The workspace root is only used for development tooling, tests, and build scripts. The publishable artifact is the built library package under:

dist/jeap-jwe-client/

Where the library version lives

The library version is defined in:

projects/jeap-jwe-client/package.json

Example:

{
"name": "@jeap/jeap-jwe-client",
"version": "1.0.0"
}

This version is copied into the generated package:

dist/jeap-jwe-client/package.json

The root package.json version is not the library version. The root package should stay private.

Recommended root metadata:

{
"name": "jeap-jwe-client-workspace",
"version": "0.0.0",
"private": true
}

Documentation versioning

Documentation is versioned together with the library.

A release tag should represent code, package metadata, changelog, and documentation together.

Tag format:

v1.0.0

Documentation location

The documentation lives in the repository root docs/ directory so the jEAP documentation pipeline (Docusaurus) discovers and aggregates it, and so it renders on GitHub:

README.md
docs/
projects/jeap-jwe-client/

The documentation is not bundled into the published npm package. The library README.md links to the public documentation instead:

  • the jEAP documentation site,
  • the docs/ directory on GitHub.

This keeps a single source of truth for the documentation and avoids broken relative links on npmjs.com.
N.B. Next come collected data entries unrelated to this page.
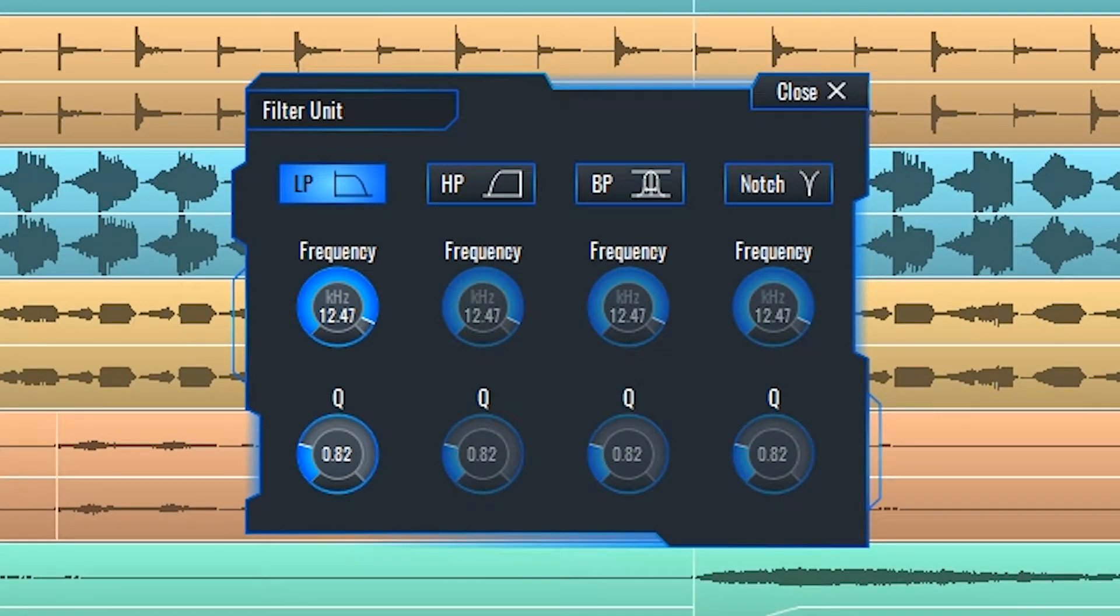The filter unit is a bank of four basic, commonly used types of filters. The low-pass filter, as the name implies,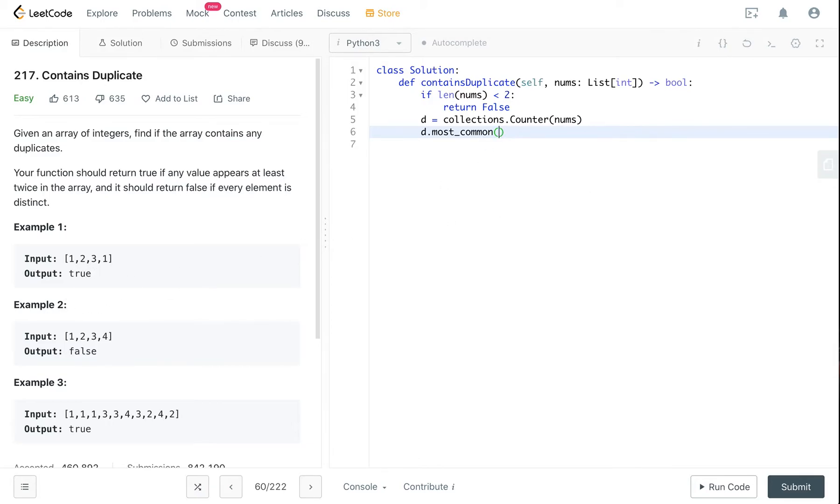In this case, we just need to check the most frequent word, right? So as I said, it returns a tuple. So for the first element, this is the key.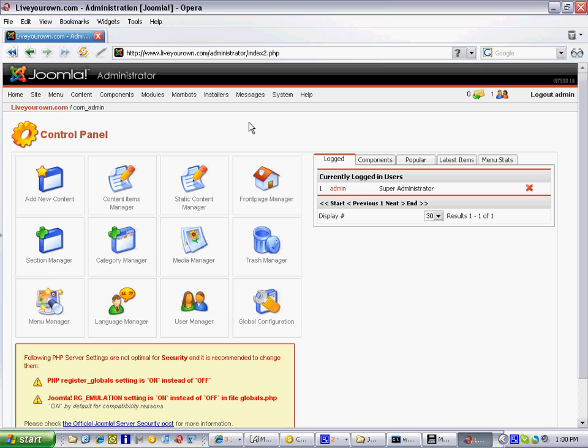From here, you can do things like add content, edit any content, change photos, pictures, add users to your site, perhaps even release newsletters. There's thousands of different things that are all included in this site here. It's very powerful, and so it really does need to be kept secure.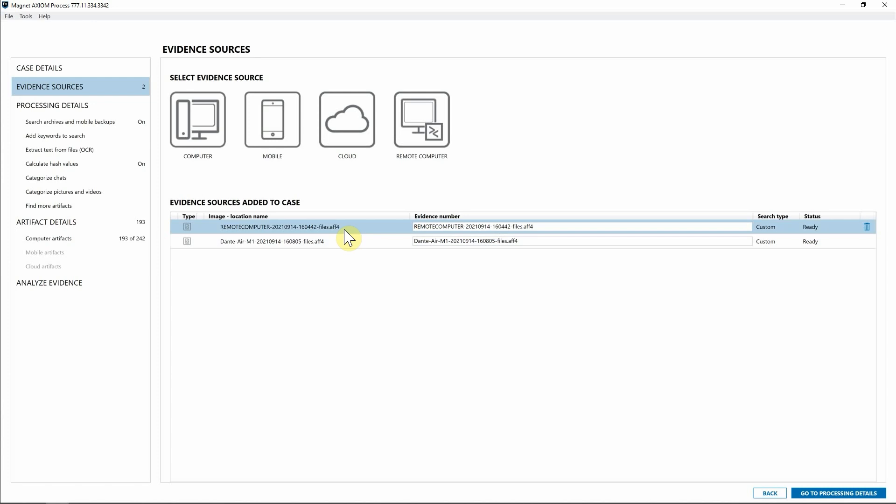We hope you really enjoy Axiom Cyber 5.5. Make sure you either upgrade from within the product or head over to the Resource Center and download the update today. We'll see you next time. Thanks.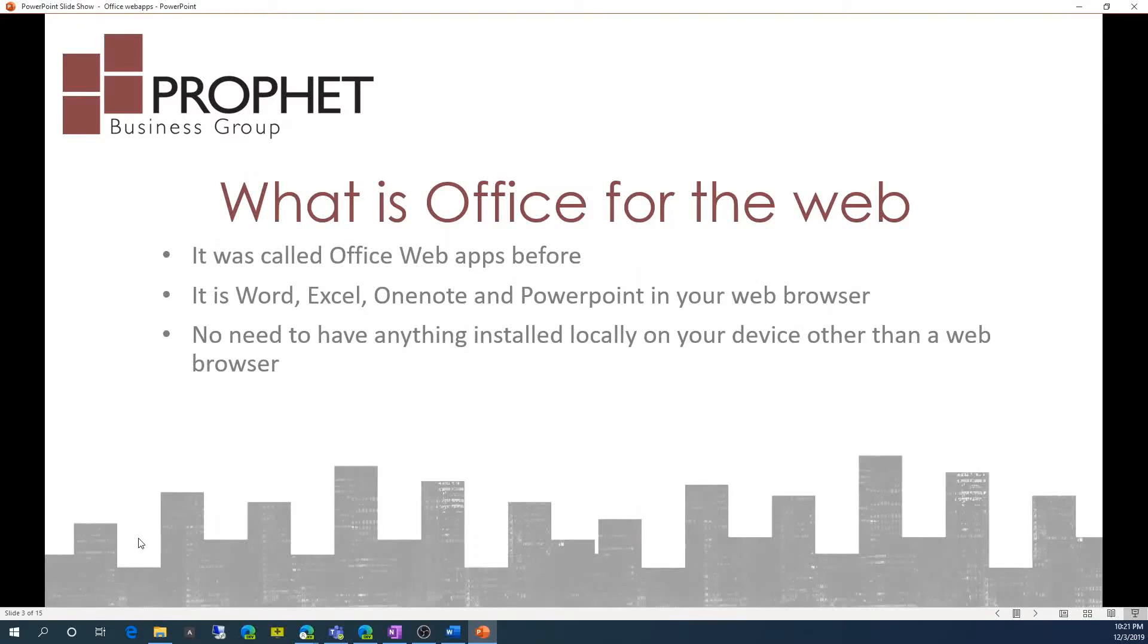What is Office for the Web? It was previously called Office Web Apps before. It is Word, Excel, OneNote, and PowerPoint in your web browser.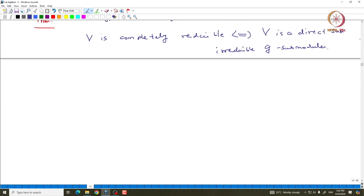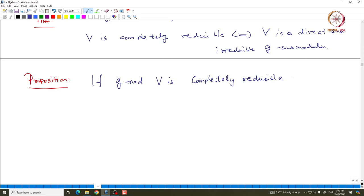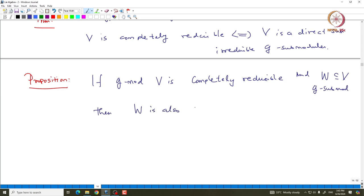To use induction, we first need to show that any submodule of a completely reducible module must itself be completely reducible. That is a side proposition. If a G-module V is completely reducible and W is a G-submodule, then W is also completely reducible.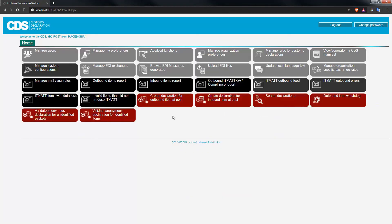Alternatively, if you want to verify the customs declaration that the customer has previously captured before storing it into CDS, a slightly better way to proceed is to retrieve the anonymous declaration from within the screen called create declaration for outbound item at post. So this is what we're going to do now.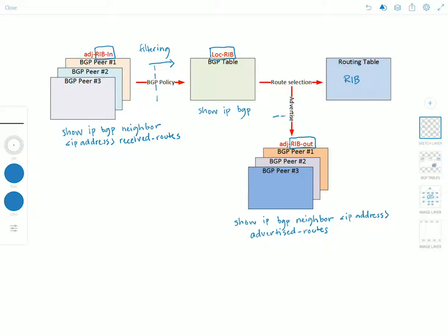And then here routes from the local RIB would go into the RIB-Out table after outbound policies and filtering is applied.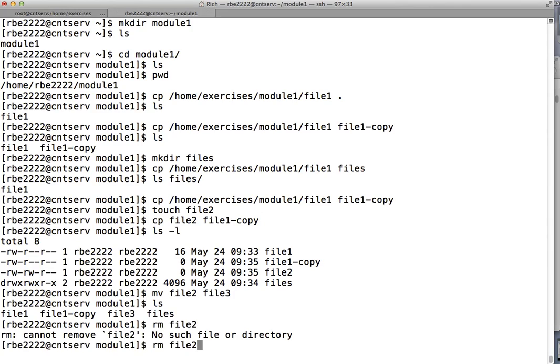Then rm gets rid of files. If I try to remove file_two — well, I already renamed it to file_three, so nothing happens. If I remove file_three, it gets rid of it.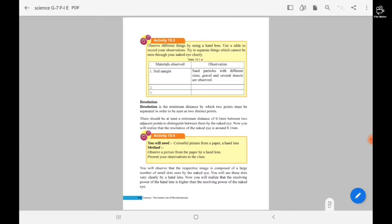So you will realize that the resolution of the naked eye is around 0.1 mm.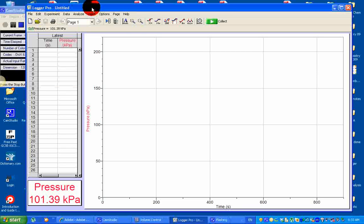I'm going to demonstrate a video tutorial on the reaction between magnesium ribbon with hydrochloric acid.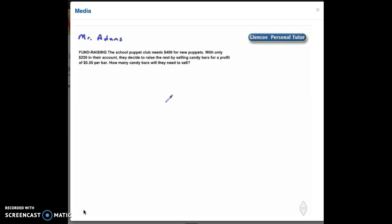The school puppet club needs $400 for new puppets. With only $250 in their account, they decide to raise the rest by selling candy bars for a profit of $0.50 per bar. How many candy bars will they need to sell?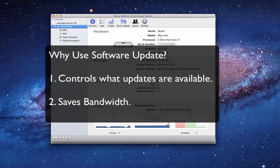The other benefit is that it really controls bandwidth. If you've ever tried to connect through broadband to Apple's servers, it can take a while to determine what updates you need and to download them. Whereas if your server is already doing that in the background, as soon as those updates are available they're right there, easy for your computers to download, and it happens rather quickly.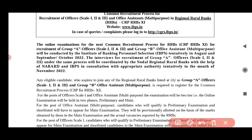If you apply for all of them, you can apply for all of them. If you have any eligibility, you can apply for all of them. You can also apply for all of them.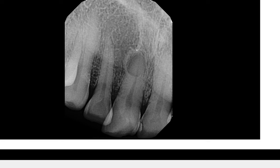If you look carefully, this corticated border also appears to be continuous with another border that extends superiorly. The left side of the border is not well visualized. This perceived border is actually the lamina dura of number eight. So this was two years ago.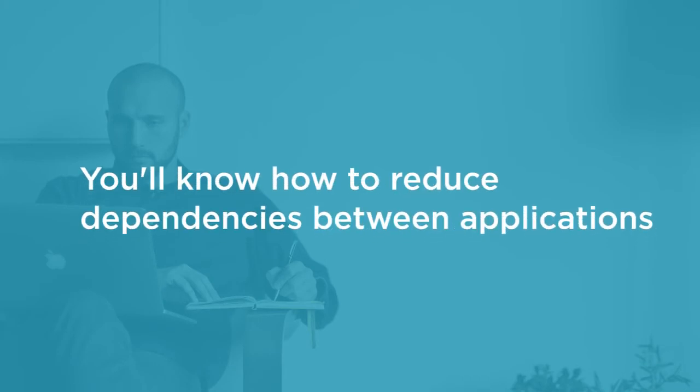By the end of this course, you will know how to reduce dependencies between applications by using the Pub/Sub pattern and Amazon SNS, and will have all the tools you need to bring this messaging pattern to your projects.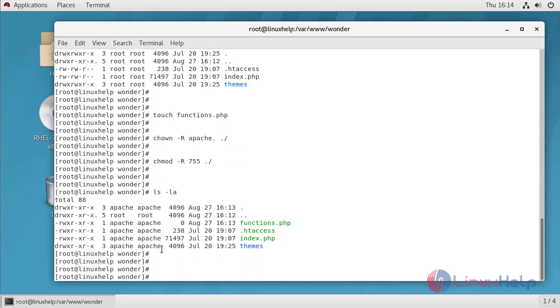After this we have to configure virtual host for WonderCMS. Name is Wunder.conf.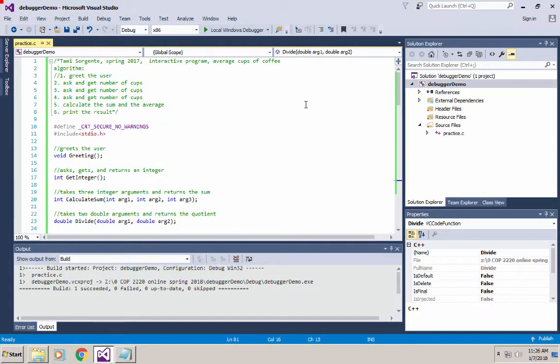Welcome. In this video I'm going to show you how to trace your code by using the debugger. The debugger is a tool that is used to help you figure out what's wrong with your program.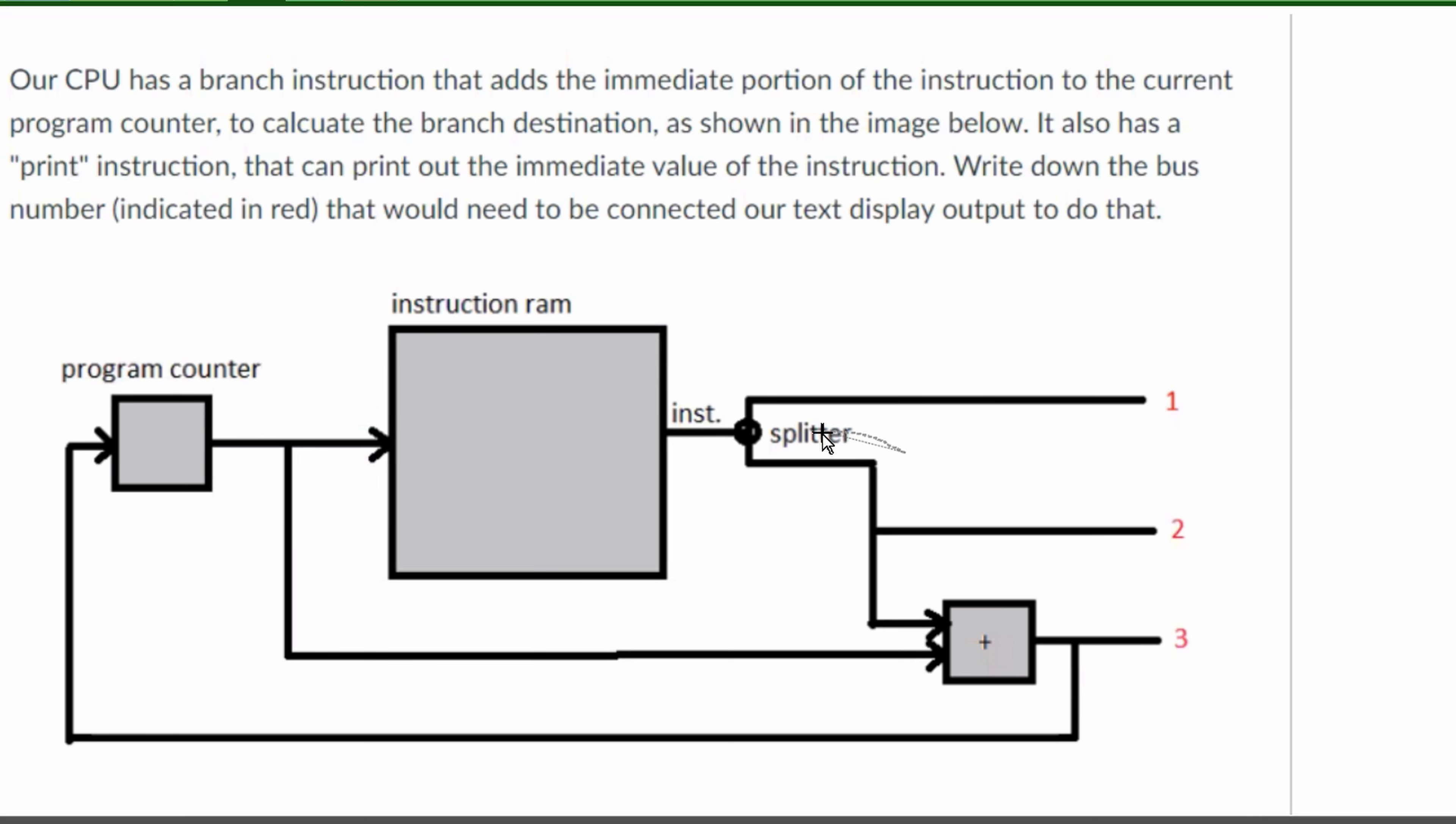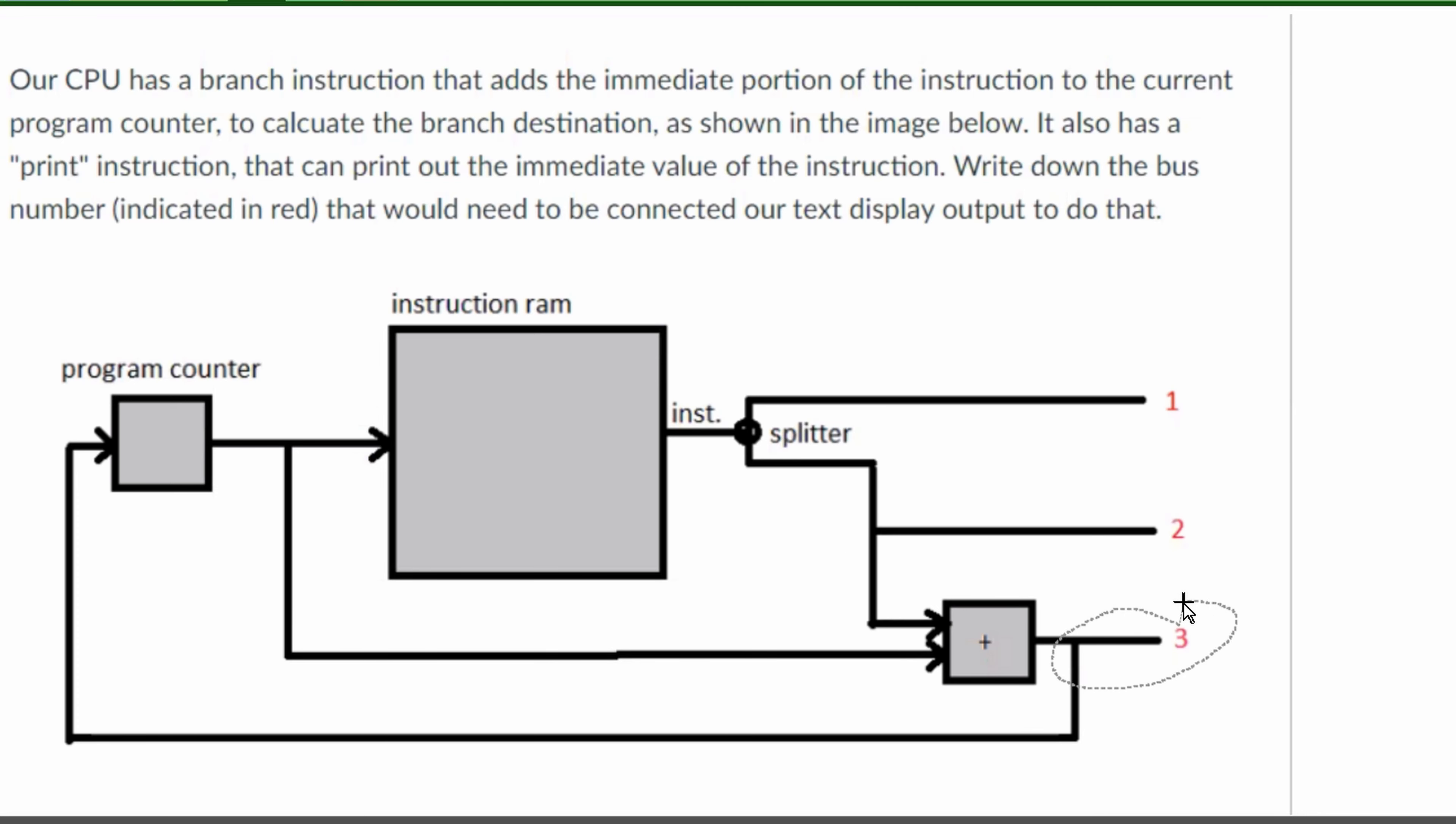The immediate value is going to go into this adder that we have right here, but what we have is not an immediate portion right here that comes out of it because we're adding it with our program counter.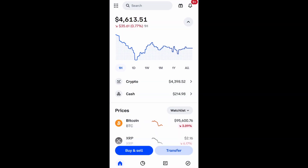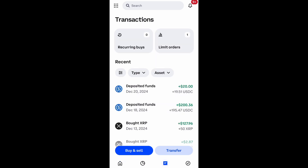Go ahead and open up the Coinbase app. What you want to do is go to the bottom of the page where you see a paper icon that looks like it has some lines on it — select that. It's the third from the left and the second from the right at the bottom.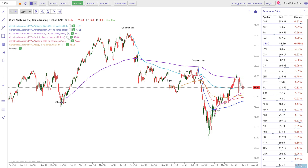Because anchored VWAP, truth be told, is a very important part of my personal trading strategy. And once you play with it, I would be shocked if it doesn't become an important part of yours as well.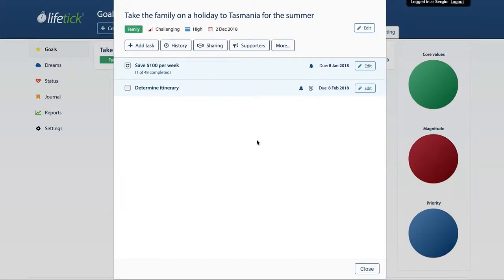Hi Lifetickers and welcome to Two Minute Lifetick. This tutorial is about creating multi-tasks. This is actually a paid feature, so it's only available on our full accounts.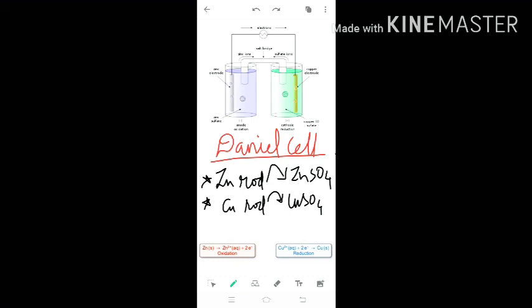To create a cell we need electrodes and electrolytes. If you have one electrode and one electrolyte, we call it a half cell. If you use two electrodes and two electrolytes — one electrode here, one electrode there, one electrolyte here and one electrolyte there — we call it a full cell. Internally we connect the electrolytes with a salt bridge, and externally we connect the electrodes with a metallic wire connected to a voltmeter.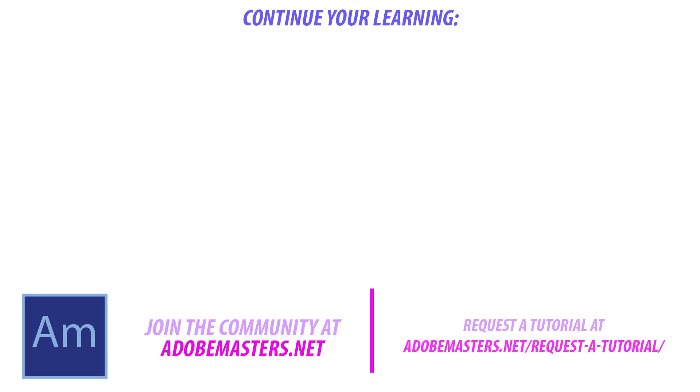AdobeMasters.net. If you want to see more videos similar to this one, go ahead and hit that subscribe button. We make a video every other day on Adobe-related content. Until next time, guys, see ya!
Packaging documentation assets

The published package includes the library README, the changelog, and the third-party license notices.

projects/jeap-jwe-client/ng-package.json:

{
"assets": [
"README.md",
"CHANGELOG.md",
"THIRD-PARTY-LICENSES.md"
]
}

Release flow

The package is published to the public npm registry as @jeap/jeap-jwe-client through GitHub Actions, using npm Trusted Publishing (OIDC) — no long-lived npm token is stored in CI in the steady state.

Releases are driven by the library version and run from the single .github/workflows/build-and-release.yml workflow. You do not create release tags by hand.

  1. On a branch, bump the version in projects/jeap-jwe-client/package.json, update publiccode.yml (softwareVersion/releaseDate) to match, and add a matching CHANGELOG.md entry.
  2. Merge the version bump to main via pull request.
  3. On main, the workflow runs lint, license verification, the compatibility matrix and packaging, then the Release to npm job. If the new version has no matching v<version> tag yet, it diffs THIRD-PARTY-LICENSES.md, builds the library, verifies the package contents, publishes dist/jeap-jwe-client/ to npm with provenance, and pushes a vX.Y.Z record tag (with the default GITHUB_TOKEN). A merge that does not bump the version is a no-op.

In short: merging a version bump to main releases that version. The tag is a record/idempotency marker, not a trigger, so no PAT is involved.

The one-time maintainer setup that makes publishing work (npm org, the release environment, the first bootstrap release, and configuring the trusted publisher) is documented in npm publishing setup.